A model that increases wildfire costs and area burned, slows wildfire suppression responses and erodes the ability of B.C. to fight its own wildfires is not in the interest of British Columbians.
We will only be successful if our entire forest industry is organized and involved in wildfire management. Unfortunately, the present BCWS management has shown no interest in such a logical, cooperative approach. It can’t empire build on that model.
The BCWS would prefer to manage wildfires all by itself. It does not have the resources or knowledge to properly do so, but the agency refuses to include independent B.C. forest professionals and contractors to improve wildfire management. As a result, BCWS field staff is spread so thinly that they are ineffective and poorly supported.
When near collapse, the BCWS ignores B.C. forestry experts and parachutes in people from Australia, Quebec and elsewhere to make community-altering economic and forest-management decisions with zero local knowledge, experience or accountability.
That is unique to B.C. Other jurisdictions value, nurture and utilize their local resources. The BCWS prefers to hire anyone from anywhere, except from B.C., to manage our fires for us
The North Shuswap wildfire disaster is a further example of the failure of the present model.
A decision was made to ignite more than a dozen kilometres of highly valuable timber, in proximity to a forested community, without the resources to ensure it didn’t escape. This burn, conducted before the arrival of a fast-moving cold front with strong, erratic winds, was a very high-risk activity that may have made the situation worse.

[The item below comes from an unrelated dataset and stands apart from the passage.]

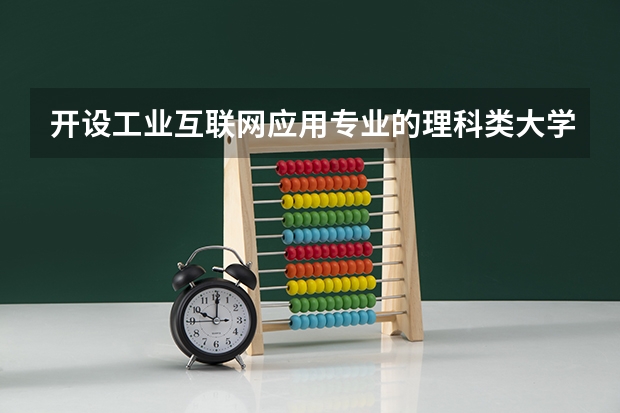 开设工业互联网应用专业的理科类大学有哪些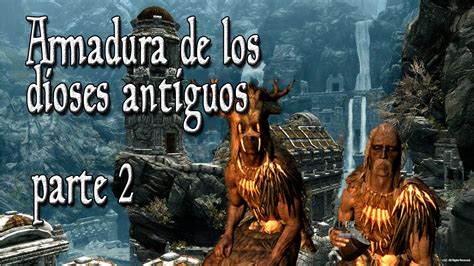 Christian diestl (marlon brando) es un teniente del ejército alemán que ama a su país, pero guarda serias dudas con la guerra que comienza a abrirse camino. Armadura de los dioses antiguos | Parte 2 | Skyrim - YouTube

The real tragedy is that the wildfire was still out of control after 39 days of burning. The readily available resources required to put that fire out on day one, or day 10 or day 20, were never coordinated or utilized.

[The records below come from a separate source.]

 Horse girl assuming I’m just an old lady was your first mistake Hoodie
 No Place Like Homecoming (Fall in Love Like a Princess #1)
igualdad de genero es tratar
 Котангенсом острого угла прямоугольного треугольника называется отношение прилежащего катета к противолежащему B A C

The BCWS is full of dedicated, hardworking people. It is important to recognize and support the hard work of the initial attack crews, unit crews and on-the-ground personnel, real champions for doing this tough work. Equally, middle managers frustrated by their inability to fight wildfires effectively through engaging local contractors and professionals deserve support.
The frontline fire zone personnel are left struggling, their hands tied due to bureaucratic constraints. Urgent requests for fireline support are met with, “Someone from Ontario will be there in a week or two — maybe.”
No wonder our recent firefighting efforts have been so ineffective. We need a BCWS that leads a coordinated effort to manage wildfires in our province.
The roadblocks in the present system need to be identified and removed immediately. Wildfire suppression in B.C. will only be successful when all those who can help — including First Nations and forestry experts — re directly involved.
We need all hands on deck, a team working for the benefit of all British Columbians. That isn’t happening now.